* _What the exercise asks_
From the first line to the last, retype the records exactly and skip the pictures.

Image-caption web data
- Opening Delimiter -
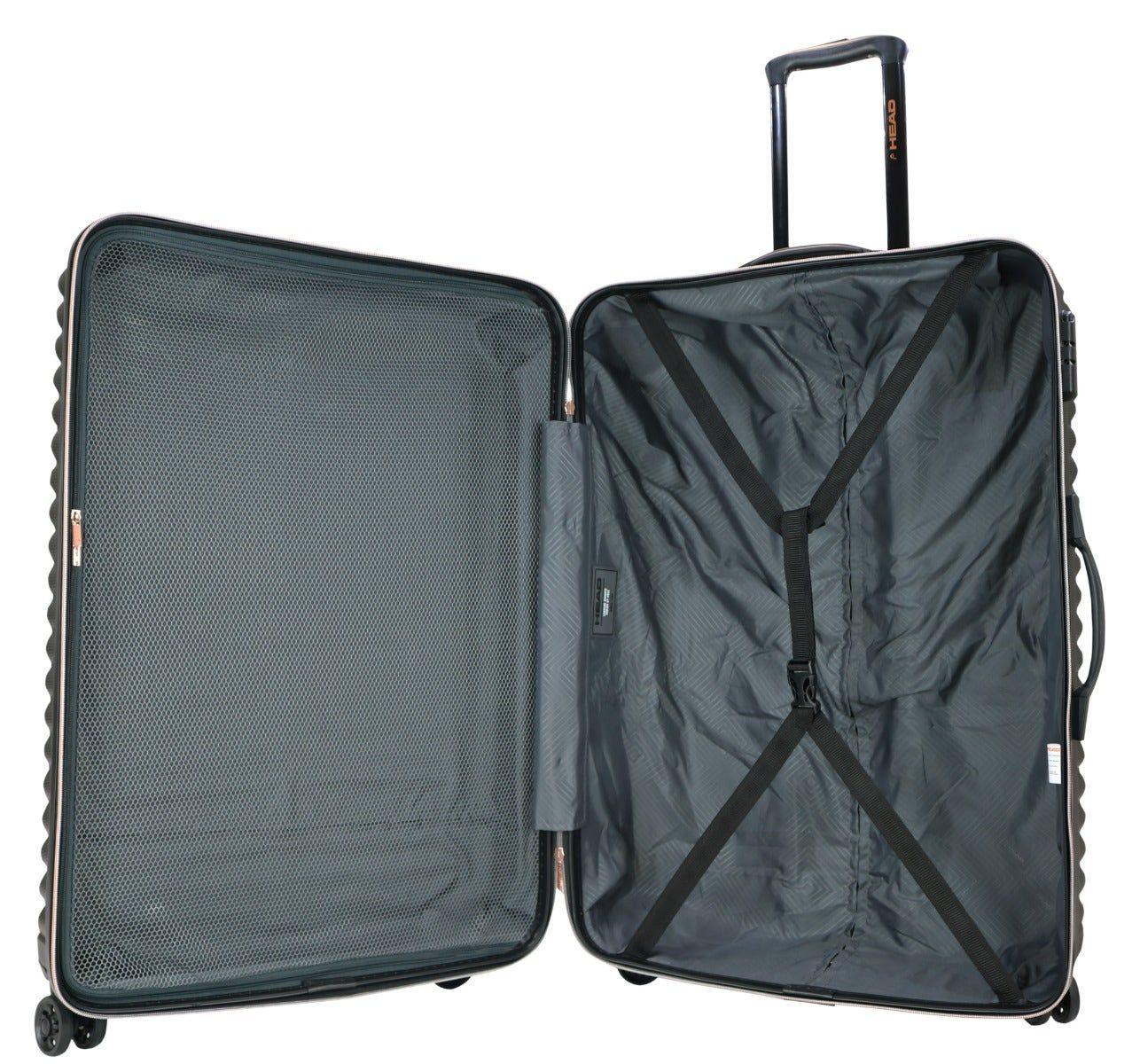 Maleta Chicago L Negra Rose Gold Head-3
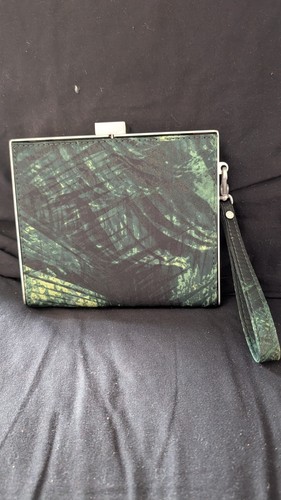 Karen millen clutch bag - clutch, green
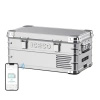 Lodówka kompresorowa ICECO APL20 20 l 12/24 V – srebrna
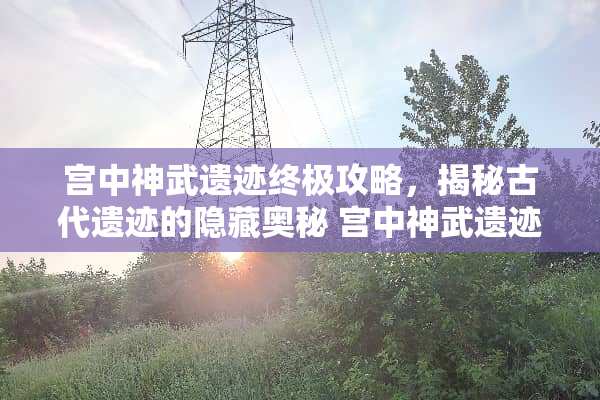 宫中神武遗迹终极攻略，揭秘古代遗迹的隐藏奥秘 宫中神武遗迹攻略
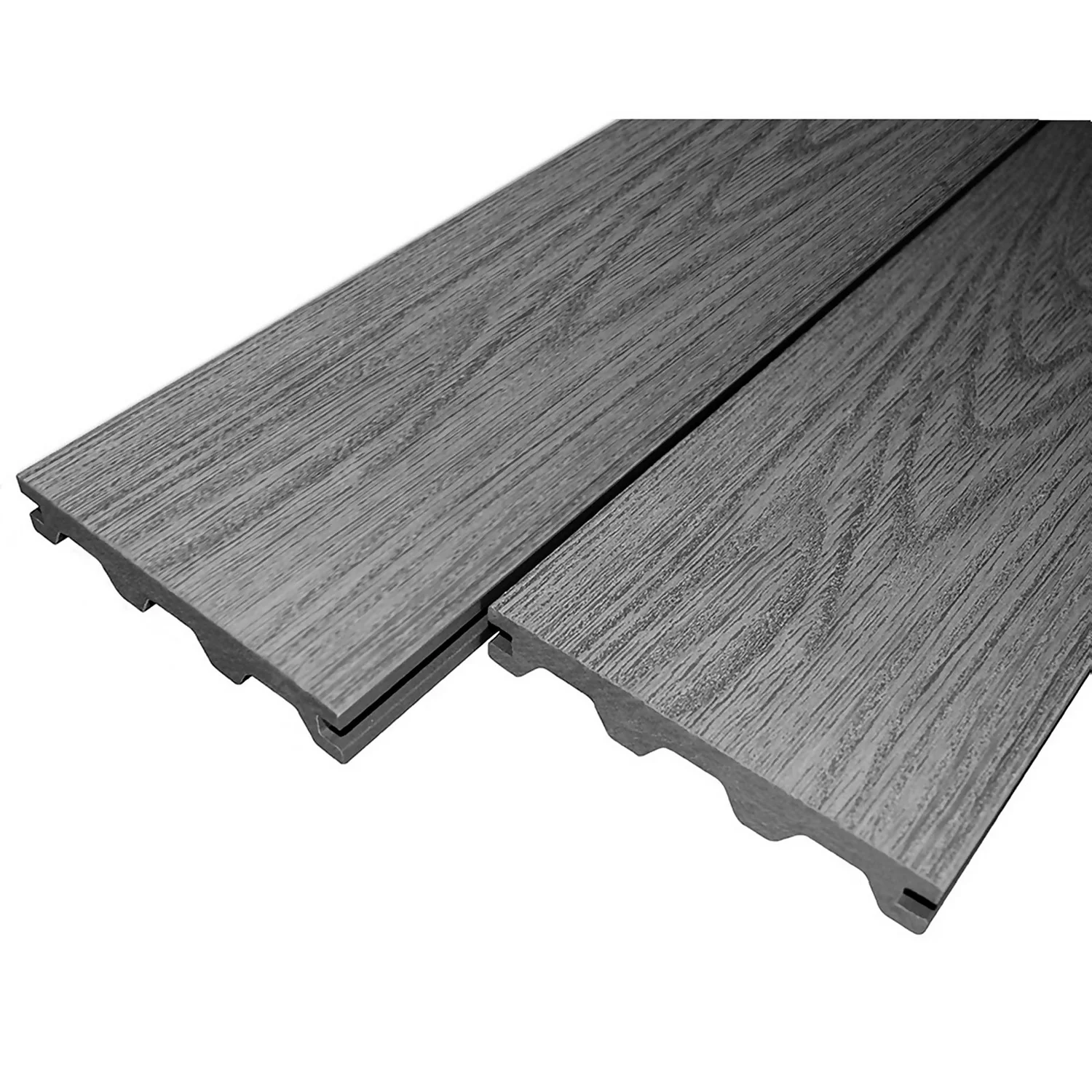 Victoria Composite Decking Woodgrain 40 Pack Grey - 20.16 M2 3 Victoria Composite Decking Woodgrain 40 Pack Grey - 20.16 M2
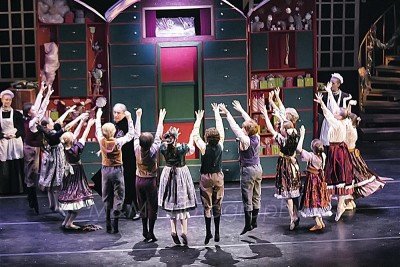 Youth Auditions for Neglia Ballet's The Nutcracker — Sep 9, 2018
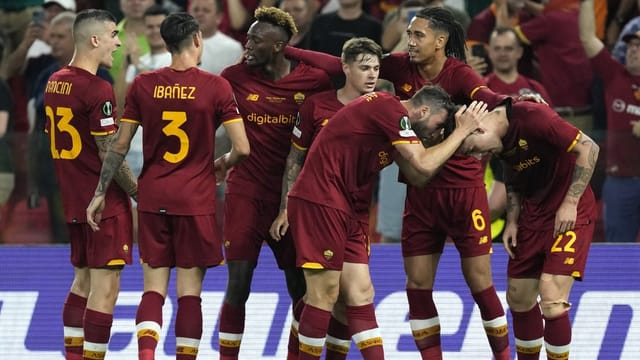  Mourinhos Final-Magie hält an – Roma gewinnt Conference League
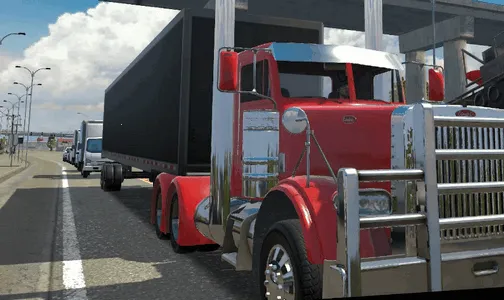 美国卡车模拟器汉化版MOD 美国卡车模拟器汉化版MOD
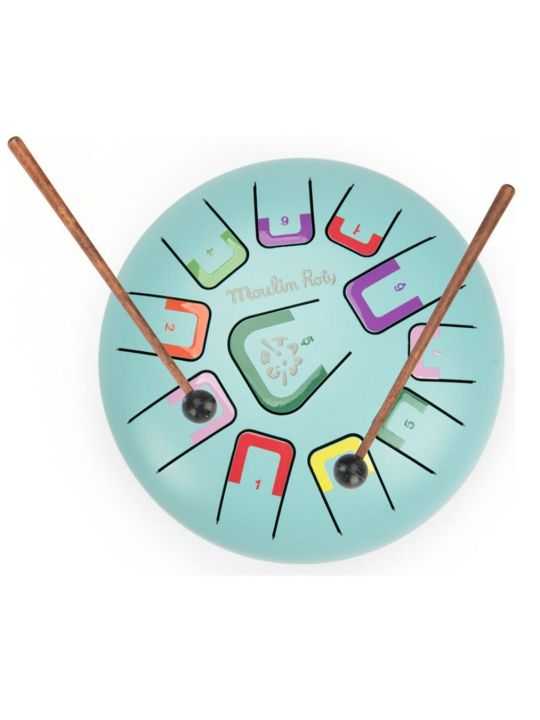 Tambour à languettes | Puce et Pilou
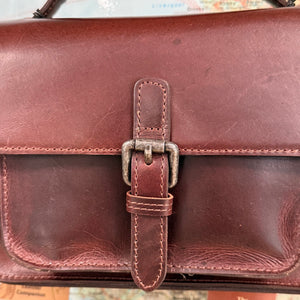 Diana Medium Leather Satchel Bag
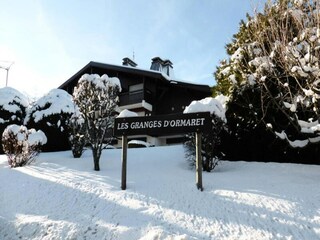 Appartement Megève Enregistrement extérieur 11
- Closing Delimiter -
* _Task answer_
 Maleta Chicago L Negra Rose Gold Head-3
 Karen millen clutch bag - clutch, green
 Lodówka kompresorowa ICECO APL20 20 l 12/24 V – srebrna
 宫中神武遗迹终极攻略，揭秘古代遗迹的隐藏奥秘 宫中神武遗迹攻略
 Victoria Composite Decking Woodgrain 40 Pack Grey - 20.16 M2 3 Victoria Composite Decking Woodgrain 40 Pack Grey - 20.16 M2
 Youth Auditions for Neglia Ballet's The Nutcracker — Sep 9, 2018
  Mourinhos Final-Magie hält an – Roma gewinnt Conference League
 美国卡车模拟器汉化版MOD 美国卡车模拟器汉化版MOD
 Tambour à languettes | Puce et Pilou
 Diana Medium Leather Satchel Bag
 Appartement Megève Enregistrement extérieur 11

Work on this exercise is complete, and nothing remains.